- **Raw data**:

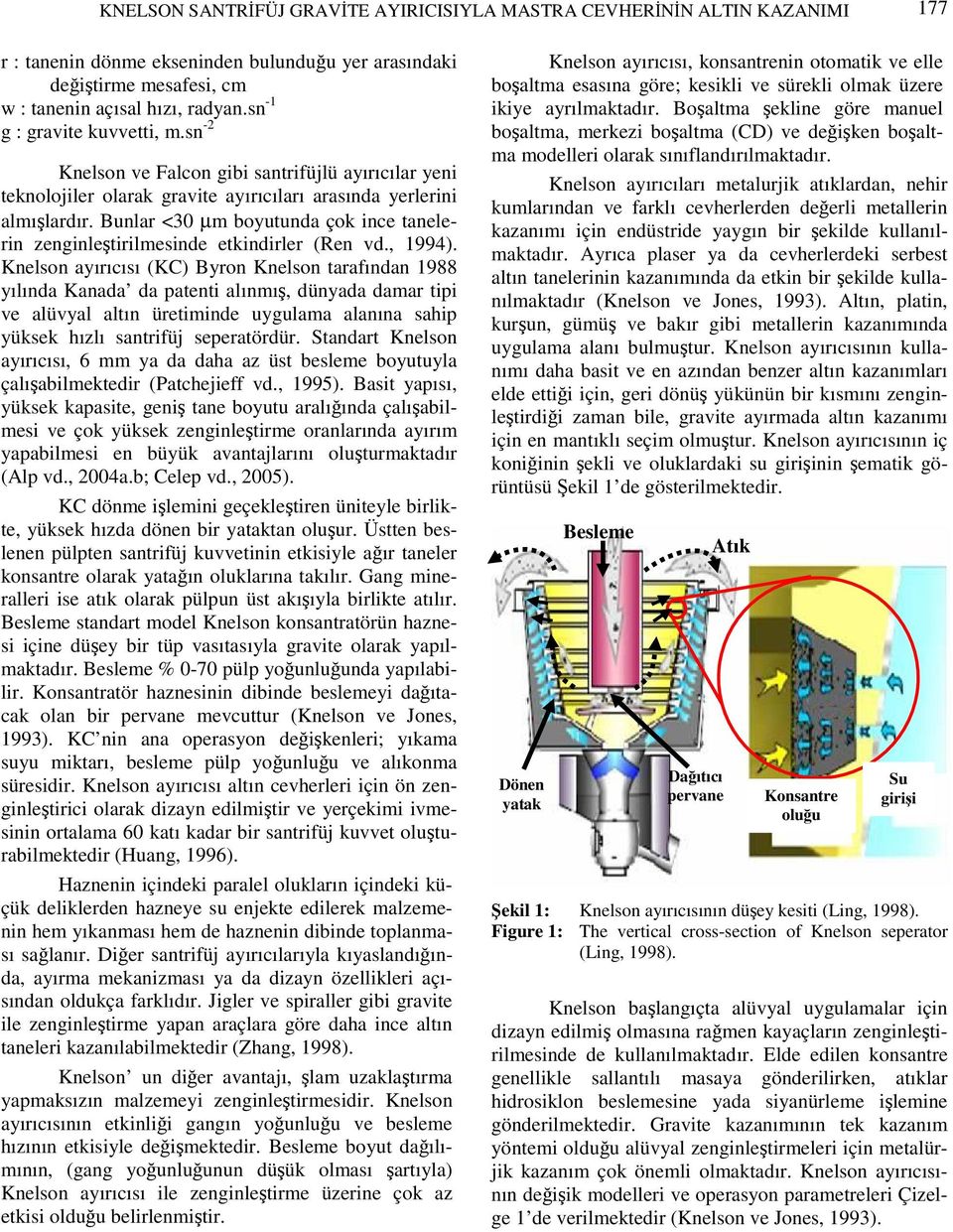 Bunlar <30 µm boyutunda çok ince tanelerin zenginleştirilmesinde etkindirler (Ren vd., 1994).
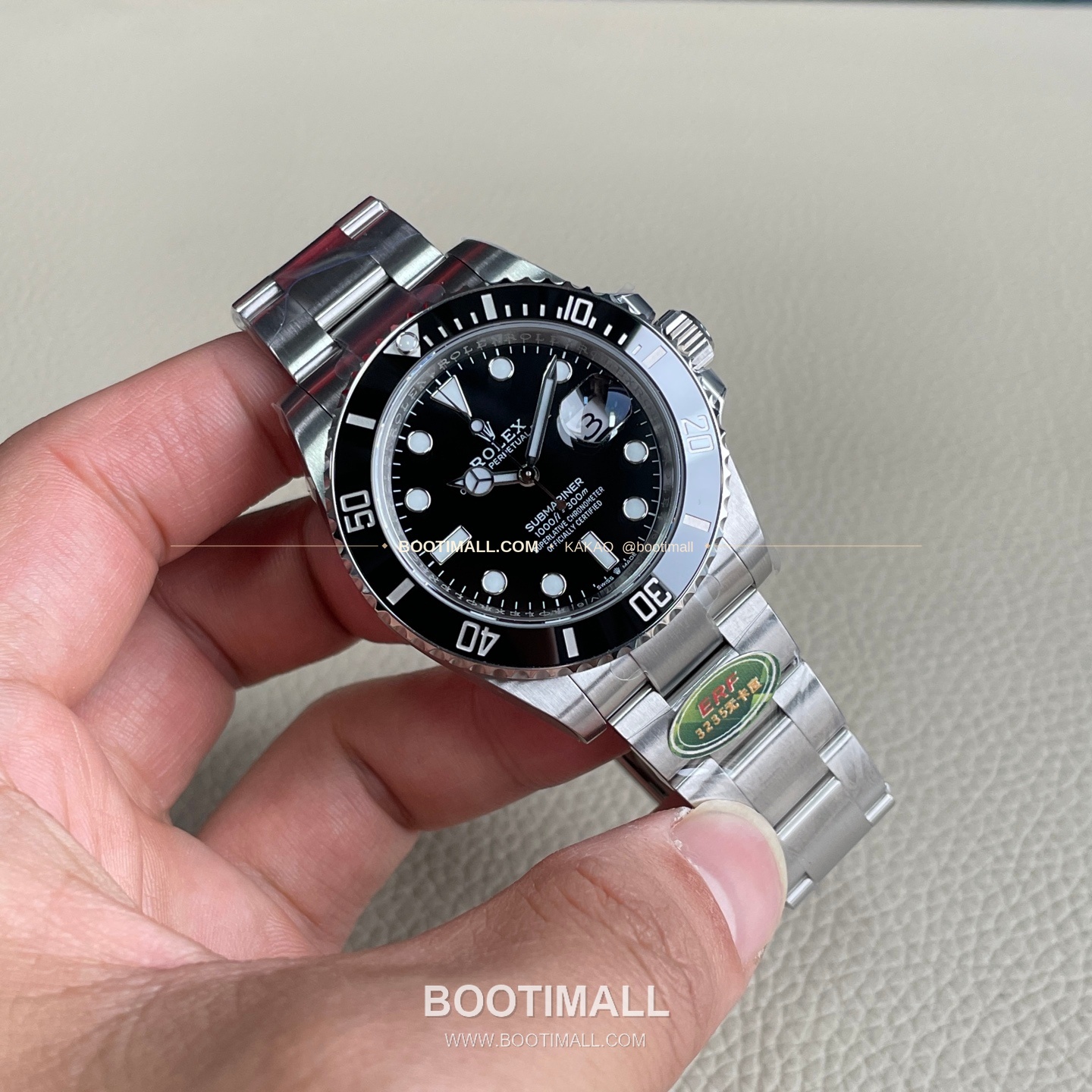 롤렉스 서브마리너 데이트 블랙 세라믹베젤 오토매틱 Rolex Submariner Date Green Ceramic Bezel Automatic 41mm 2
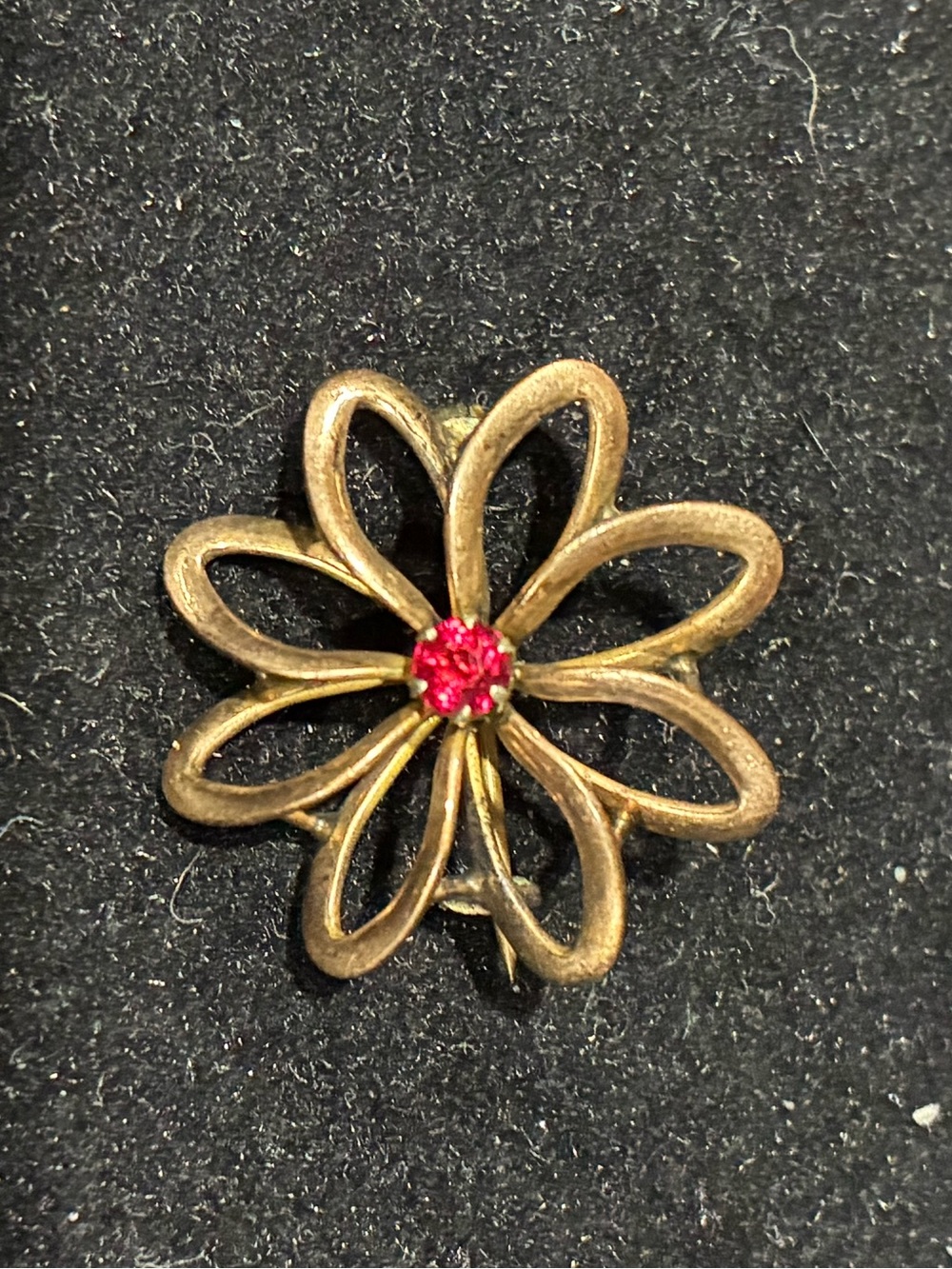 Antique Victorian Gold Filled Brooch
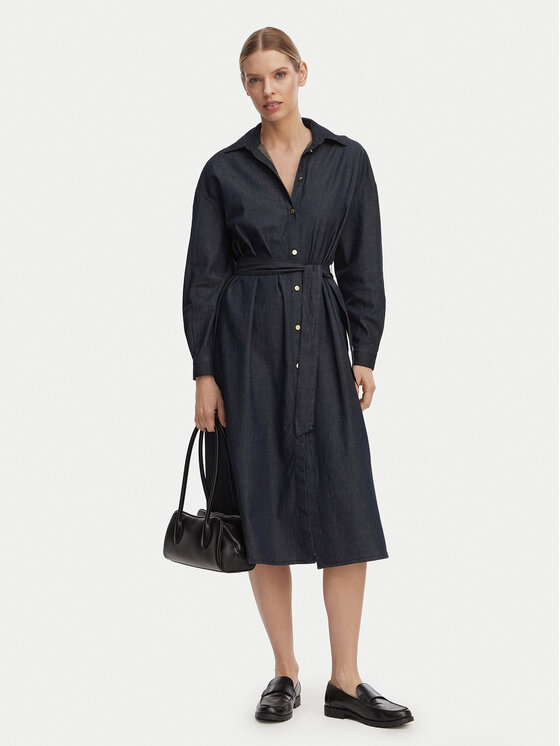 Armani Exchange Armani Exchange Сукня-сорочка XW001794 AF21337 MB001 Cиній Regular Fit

- **Aim of the task**:
All of the data must be given again exactly, without the pictures.

- **Result of this exercise**:
 Bunlar <30 µm boyutunda çok ince tanelerin zenginleştirilmesinde etkindirler (Ren vd., 1994).
 롤렉스 서브마리너 데이트 블랙 세라믹베젤 오토매틱 Rolex Submariner Date Green Ceramic Bezel Automatic 41mm 2
 Antique Victorian Gold Filled Brooch
 Armani Exchange Armani Exchange Сукня-сорочка XW001794 AF21337 MB001 Cиній Regular Fit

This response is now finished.